奈良と聞いて木津川沿いの国道163号線を通って行く、鹿のいる奈良かと勝手に思っていたが、どんなところか想像を膨らます暇もなく、あっという間に車は停まった。
斜面に建つ家
道端に停めた車の窓から見える景色は右も左も山ばかりで、どこに家なんかあるのだろうと思っている私に『早よ下りて、そっち持って!』と父の声が耳に入って来た。
『あの上の家まで運ぶんや』と口にした父の見上げる先に何軒かの家が建っていた。
それは山の斜面に張り付くように、下から見上げれば雛壇のように、家の屋根の上にまた家がというように、うまい具合に建っている家すべてが下から見ることができた。
目的の家は車を降りて、急で狭い坂道を上ったところにある大きな家だった。車の荷台から建具を下ろし、父が持った反対側の端を私が持つことになったが、その急な坂にかかると後ろになった私の方に建具の重みがかかり、尚且つ足元が見えないので途中何度も止まっては持ち替えたりした。そんな状況を見ていた父は二本目の建具をひとりで持って上がって行った。それを見て私も真似をしようとしたが、持ち方がわからず結局父に3本目以降もひとりで運ばせることになってしまった。
何本の建具を父が運んび上げたのかこれも記憶にないが、家の前まで来て振り返って下を見ると乗ってきた白い車が小さく見えた。
父の背中
目の前の家の屋根は瓦が載っているが、荒壁が塗られてあまり日が経っていないようで近づくと土の匂いがぷ~んとした。建具の入っていない開口部から中へ足を踏み入れ、土間から見えたのは床板が貼られた広い空間に所々に柱が立っているだけの殺風景なものだった。
父はその土間に面した部屋にはめる建具を入れに来たのだった。土間からその床板が貼られただけの部屋へ上がるために大きな石を踏み台にして上がったのを覚えてる。今思えば、土間と部屋の段差が結構高かったのだろう。
父は家具でも建具でも、依頼があったら何でも作る木工職人であった。私が覚えているのは、バーや銀行のカウンター、学校の椅子の修理やザラ板の製作、換気扇の木枠、もちろんタンスや勉強机など木材でできるものは何でも作っっていたと記憶している。

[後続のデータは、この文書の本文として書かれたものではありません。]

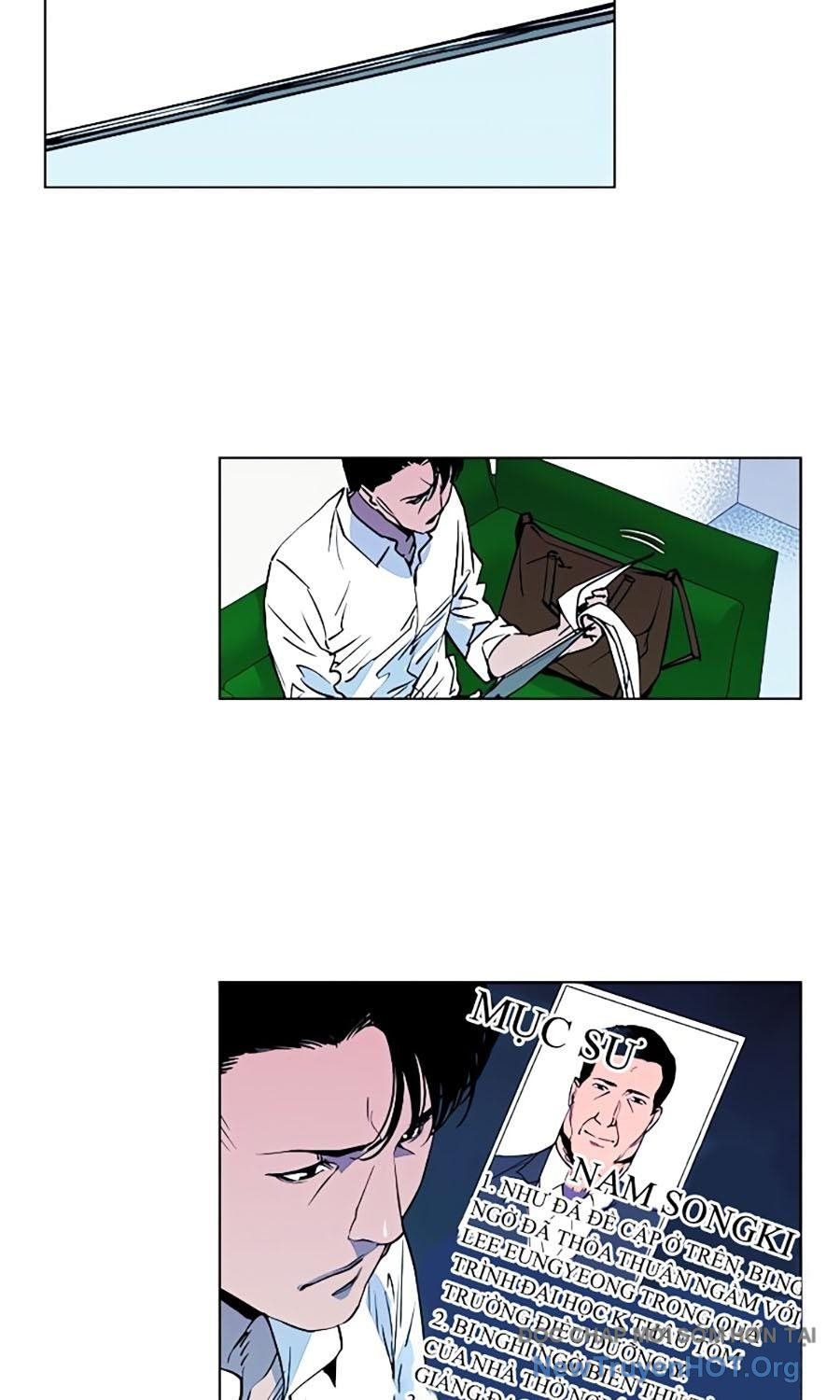 page_4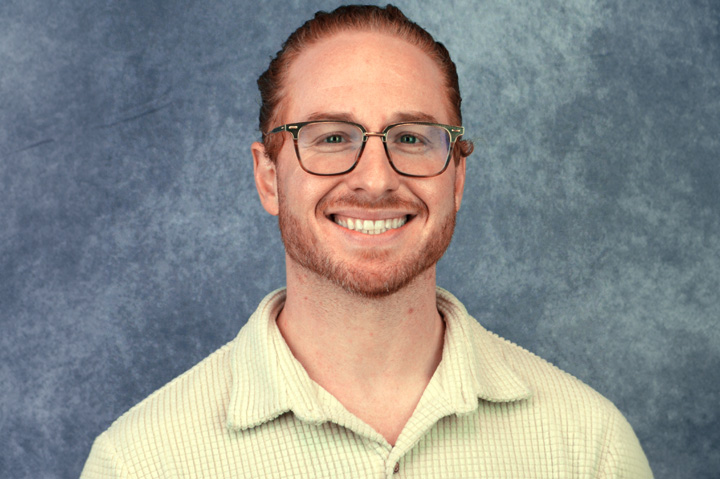 Starline Promotes Michael Newman to Director of National Accounts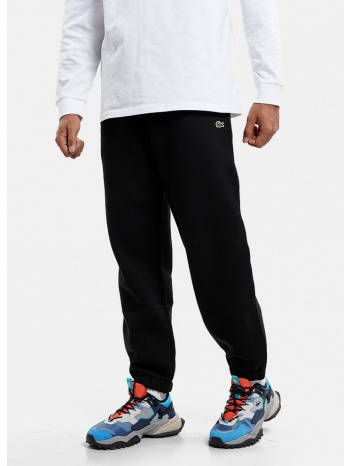 lacoste παντελονι φορμας (9000123908_6858)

仕事の依頼は直接お客さんから入ることもあるが、同業者やガス会社など関連の業者からも結構仕事を貰っていたようである。同業者からの場合は、その業者が忙しくて対応できないから回ってくる場合と、あとで知ったことではあるが父に任せておけば間違いないと信頼されて仕事が回って来たのもあったようだ。
上野のヒンターランド
山添村で建具を入れる仕事がどういうルートで受けることになったのかはわからずじまいであるが、当時の上野市だけでなく、島ヶ原や大河原、美杉村太郎生、月ヶ瀬など、隣の府県へも結構出かけていたのを覚えている。
父のようにひとりの職人であってもその営業エリアは隣接する府県にまで及んでいたのである。市内では競争相手が多く、隣接府県へ行かなくては食べていけなかったのかもしれないが、いずれにせよ伊賀市(当時は上野市)というところはこれら隣接する町村があって成り立っていたことは父の仕事の範囲からも推察できるようである。
こんな父の仕事がきっかけで私の山添村との出会いがあった。あれから半世紀、今度は自分が運転席で伊賀上野から山添村へ向けて走っている。